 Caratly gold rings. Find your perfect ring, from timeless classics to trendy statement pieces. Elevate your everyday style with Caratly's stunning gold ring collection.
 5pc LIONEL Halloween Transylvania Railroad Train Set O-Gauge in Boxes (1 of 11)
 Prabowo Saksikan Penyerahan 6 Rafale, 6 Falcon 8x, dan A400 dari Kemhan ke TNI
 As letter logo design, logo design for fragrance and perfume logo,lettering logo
-*-*-
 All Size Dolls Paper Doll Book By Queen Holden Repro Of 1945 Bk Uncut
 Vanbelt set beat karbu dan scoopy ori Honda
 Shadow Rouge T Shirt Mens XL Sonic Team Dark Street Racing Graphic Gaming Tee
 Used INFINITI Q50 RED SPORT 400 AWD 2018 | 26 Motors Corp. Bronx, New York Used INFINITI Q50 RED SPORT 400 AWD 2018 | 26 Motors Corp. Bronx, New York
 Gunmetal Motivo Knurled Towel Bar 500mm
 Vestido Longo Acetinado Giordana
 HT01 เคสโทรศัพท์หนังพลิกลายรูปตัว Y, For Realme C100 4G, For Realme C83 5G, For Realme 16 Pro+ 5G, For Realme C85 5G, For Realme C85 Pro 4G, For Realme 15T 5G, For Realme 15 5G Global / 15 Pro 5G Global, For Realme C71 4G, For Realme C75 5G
-*-*-
= The task =
Would you retype the lines above from the one with "All Size Dolls" down to the one with "Vestido Longo Acetinado Giordana", word for word, both ends included and no other lines?

= Task result =
 All Size Dolls Paper Doll Book By Queen Holden Repro Of 1945 Bk Uncut
 Vanbelt set beat karbu dan scoopy ori Honda
 Shadow Rouge T Shirt Mens XL Sonic Team Dark Street Racing Graphic Gaming Tee
 Used INFINITI Q50 RED SPORT 400 AWD 2018 | 26 Motors Corp. Bronx, New York Used INFINITI Q50 RED SPORT 400 AWD 2018 | 26 Motors Corp. Bronx, New York
 Gunmetal Motivo Knurled Towel Bar 500mm
 Vestido Longo Acetinado Giordana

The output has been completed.